Write out the line with "Proud Autism Dad" and every later line through the end of the data below, exactly as given, with no pictures in the copy.

[[ Raw data, beginning ]]

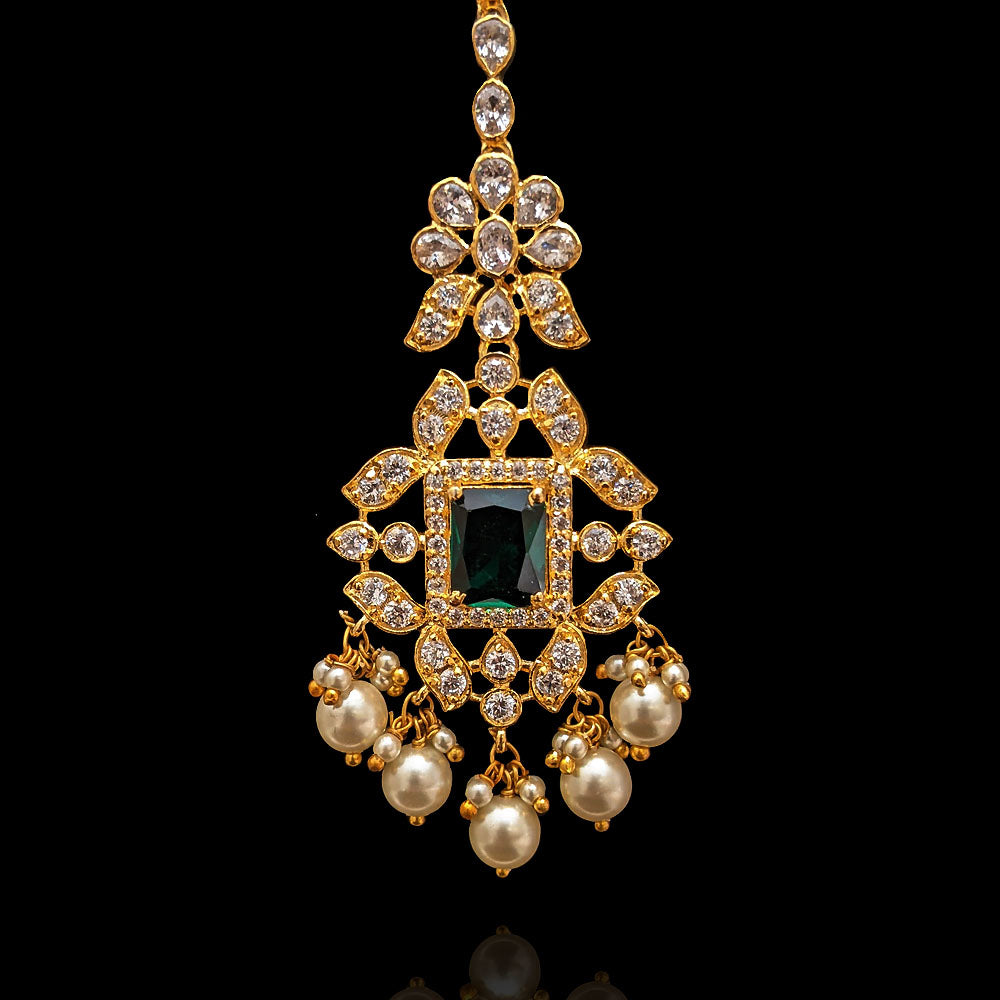 Beautiful 925 Silver Bridal Maang Tikka Design with Diamond & Emerald Look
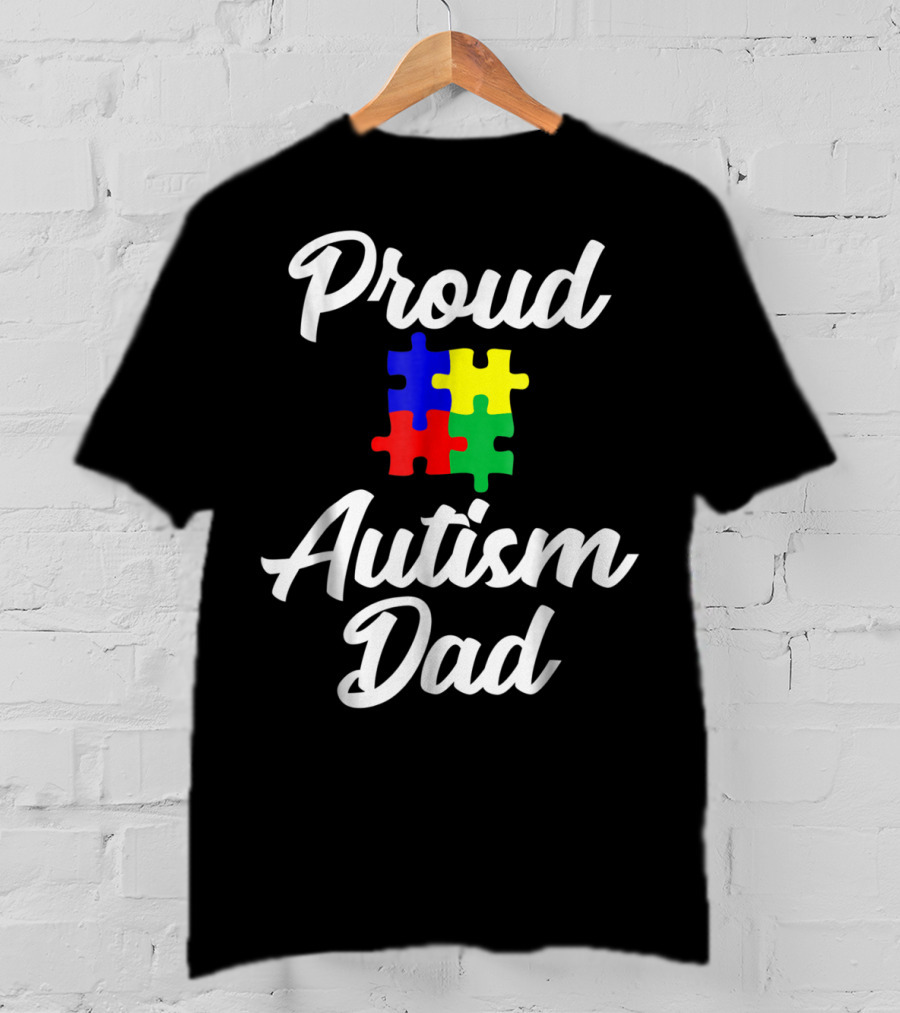 Proud Autism Dad Puzzle Support Men Grandpa Papa T-Shirt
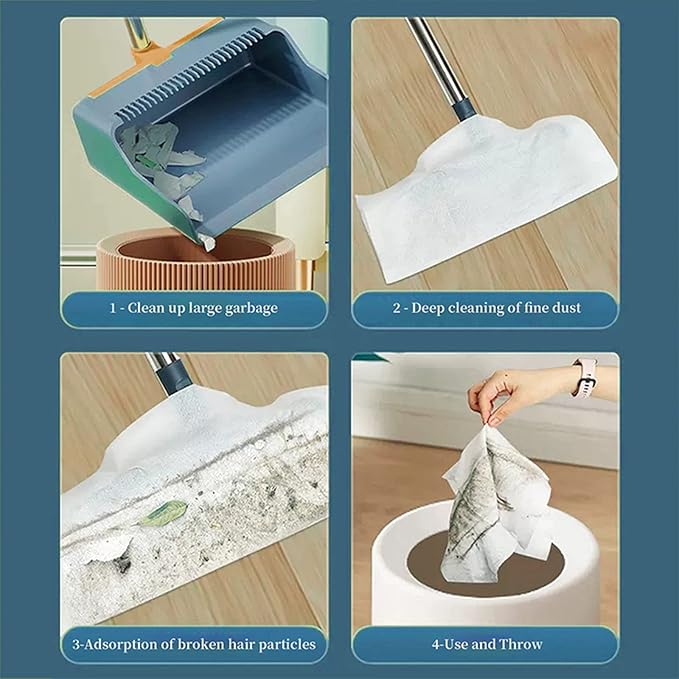 30'' Broom and Dustpan Set for Home with Scraping Teeth and Scraper, 180° Rotatable Long Handle Broom with Stand Up Dustpan Combo Set for Office Home Kitchen Lobby Floor, House Warming Gifts (Blue)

[[ Raw data, end ]]

**Response below**
 Proud Autism Dad Puzzle Support Men Grandpa Papa T-Shirt
 30'' Broom and Dustpan Set for Home with Scraping Teeth and Scraper, 180° Rotatable Long Handle Broom with Stand Up Dustpan Combo Set for Office Home Kitchen Lobby Floor, House Warming Gifts (Blue)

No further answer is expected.